Short text fragments from websites
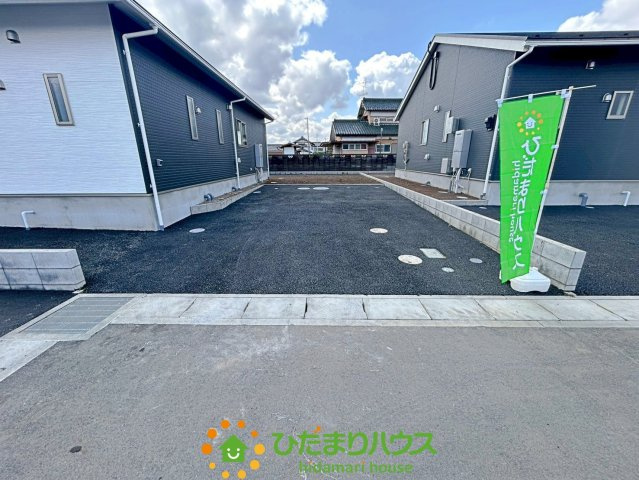加須市水深第3　新築一戸建て　05　クレイドルガーデンの駐車場|並列2台可能！
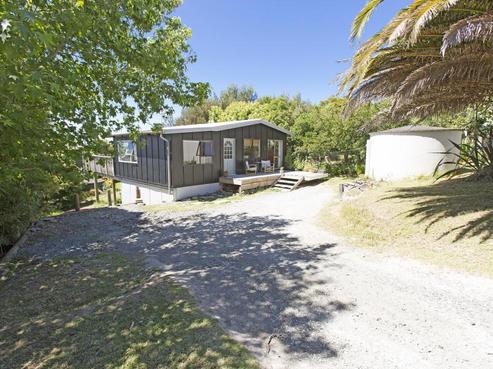 1227 Whangaparaoa Road, Gulf Harbour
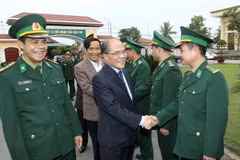 Chủ tịch Quốc hội tiếp xúc cử tri lực lượng vũ trang Hà Tĩnh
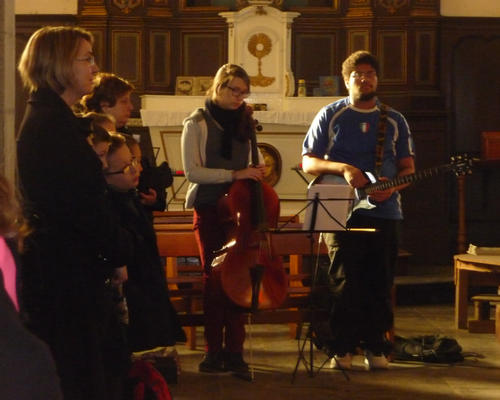 à l'église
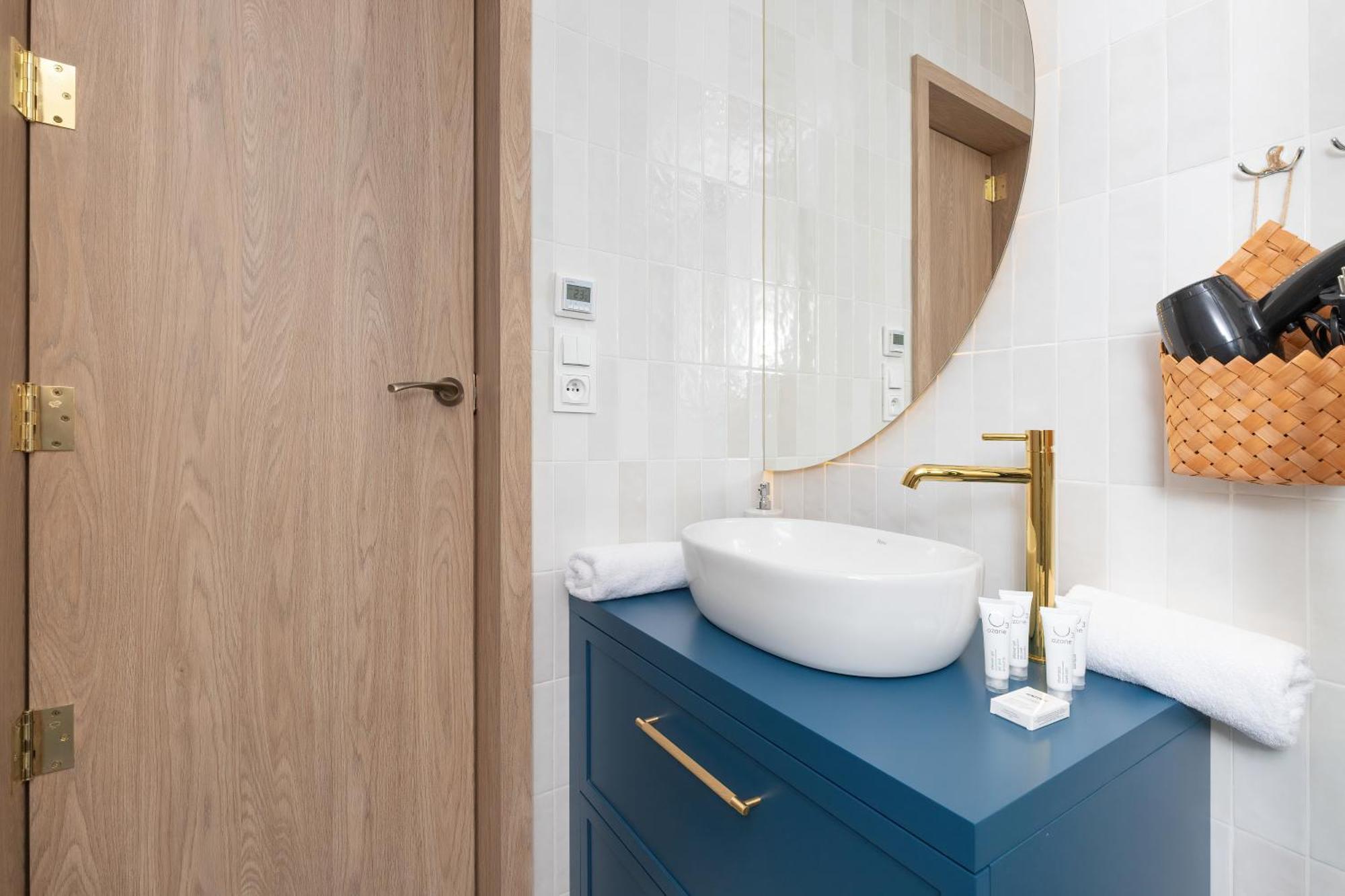 Comfortable And Stylish In By Renters Apartment Danzig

_Directions_
Exclude every picture and copy the remaining data exactly.

_Answer box_
加須市水深第3　新築一戸建て　05　クレイドルガーデンの駐車場|並列2台可能！
 1227 Whangaparaoa Road, Gulf Harbour
 Chủ tịch Quốc hội tiếp xúc cử tri lực lượng vũ trang Hà Tĩnh
 à l'église
 Comfortable And Stylish In By Renters Apartment Danzig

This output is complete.